3. In its second enumeration of error, Trust Co. contends that the trial court erred in entering a consent judgment without requiring proof of the lien or in requiring a jury verdict inasmuch as the defendants had demanded a jury trial in their answer. For the reasons stated in Division 2 of this opinion, we find no merit in this argument. The consent judgment resolved all issues by agreement of the parties and obviated the necessity of proof of the agreed facts or resolution thereof by a jury. See Estes v. Estes, 192 Ga. 94, 96-97 (14 SE2d 681).

4. In its final enumeration of error, Trust Co. argues that the fi. fas. do not follow the judgment of the court. The judgment of the court specifically found a special lien against the property in a certain amount and specifically excluded personal liability against any of the twelve individual defendants. The fi. fas., on the other hand, were issued ostensibly against the twelve defendants, referring to the judgments by dates and numbers, and the amount of the principal, interest and cost allowed in the action granting the special lien.
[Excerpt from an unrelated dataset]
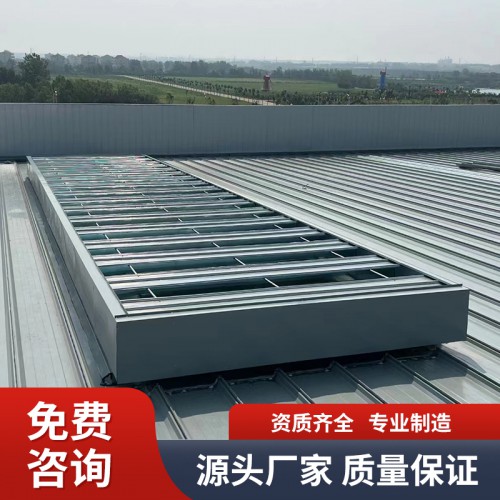 鋼結構屋脊通風天窗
In substance then, appellant complains that the fi. fas. seem to authorize an in personam judgment against the twelve defendants; therefore, it is argued, the fi. fas. do not follow the judgments.

We disagree. In order for a fi. fa. to be illegal and thus invalid, there must be a material variance between the form of the execution and judgment upon which it is issued. Zachry v. Zachry, 68 Ga. 158. Where upon an inspection of the execution enough appears upon its face to connect it with the judgment, a variance between the judgment and the execution will not vitiate the execution. *611Smith v. Bell, 107 Ga. 800 (33 SE 684). The only discrepancy that appears here is that the limiting words "in rem” do not appear on the fi. fas. Nevertheless, the underlying judgments are clearly identified. The fi. fas. are totally parallel to those judgments in all other respects and the attempted execution did not confuse any of the parties, including the appellant. We find no material variance here nor any merit to this enumeration.

Argued February 8, 1979 — Decided April 13, 1979. Kilpatrick, Cody, Rogers, McClatchey & Regenstein, Robert E. Shields, William B. Gunter, for appellant. Westmoreland, Hall, McGee, Warner & Oxford, Paul R. Jordan, R. Joseph McGee, James L. Paul, J. Littleton Glover, McCord, Cooper & Voyles, Robert B. McCord, Jr., Harland, Cashin, Chambers & Parker, James R. Harland, Jr., Johnston & McCarter, Richard H. Johnston, Long & Siefferman, Floyd E. Siefferman, Jr., for appellees.

Judgment affirmed.

Quillian, P. J., and Smith, J., concur.